━━ Raw data ━━

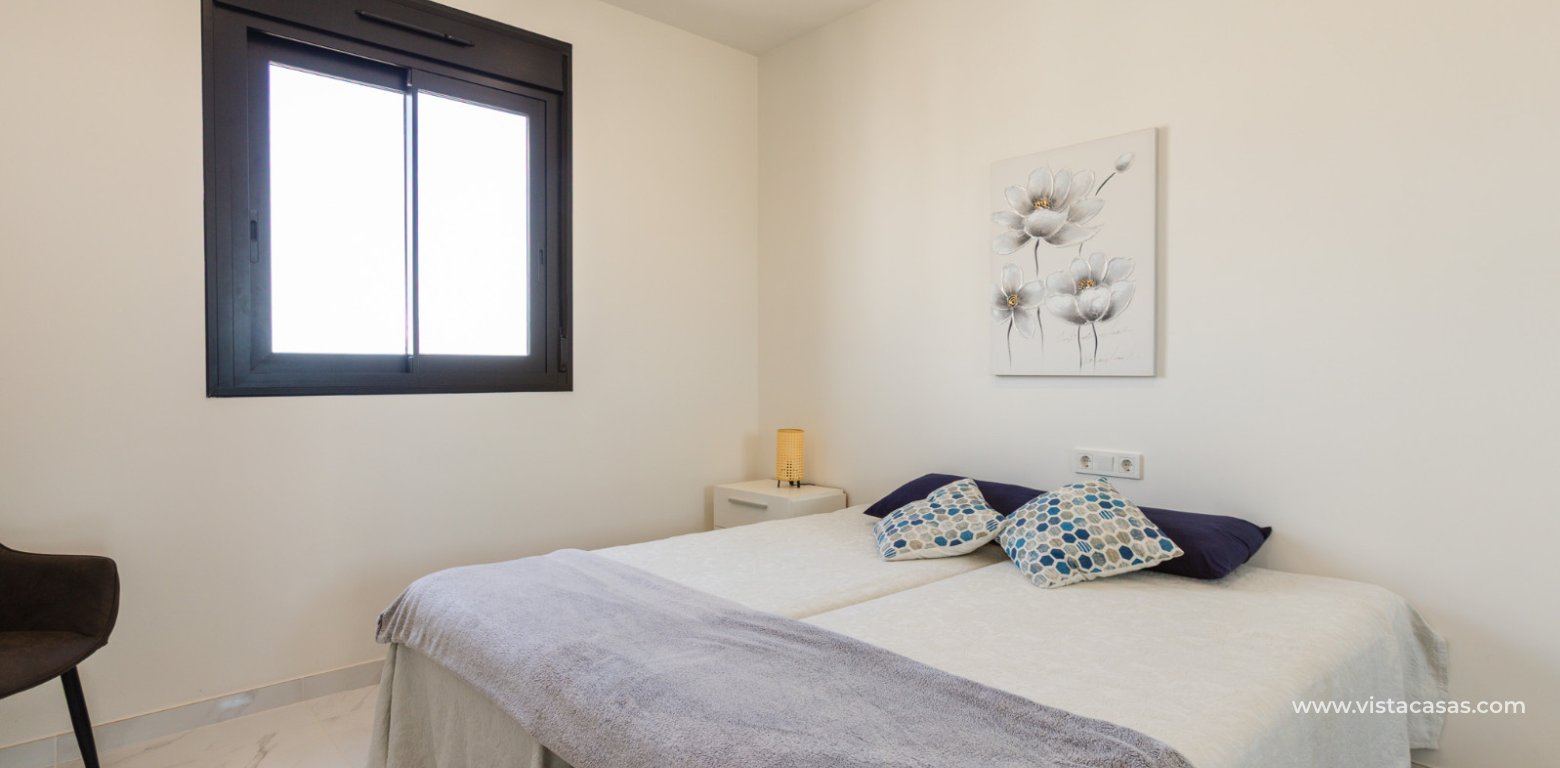 Vente - Appartement - Villamartin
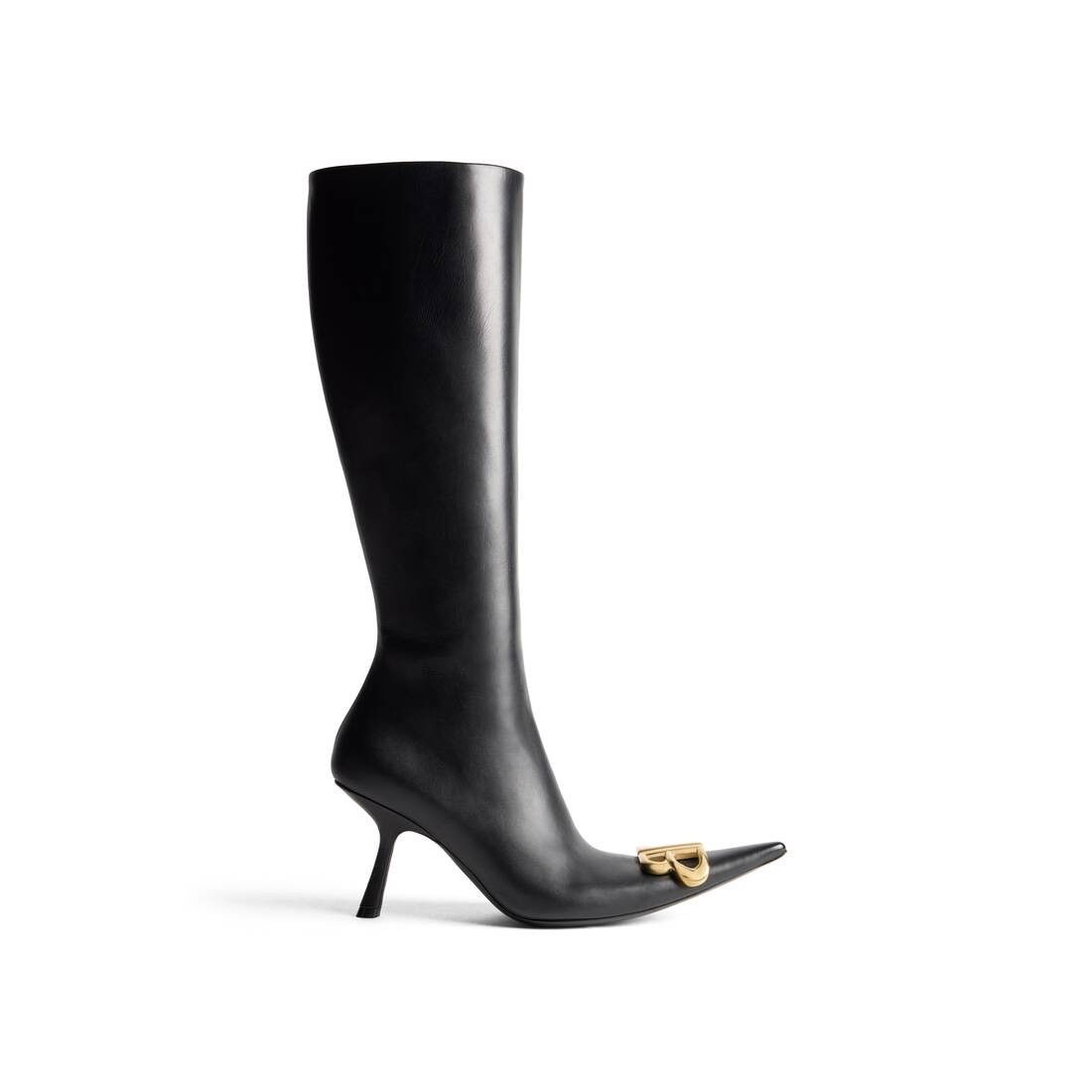 Balenciaga flex bb 90mm boot Size US 11 / IT 41 - 1 Thumbnail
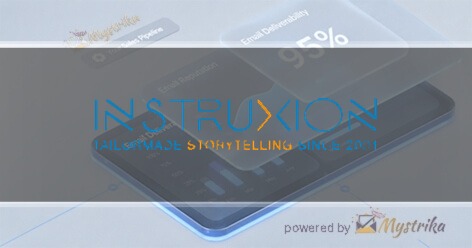 Instruxion Agency logo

━━━

Please give again, word for word, the lines from the one containing "Balenciaga flex bb" through the last line of the listing above, inclusive, and leave out pictures.

**Task answer**:
 Balenciaga flex bb 90mm boot Size US 11 / IT 41 - 1 Thumbnail
 Instruxion Agency logo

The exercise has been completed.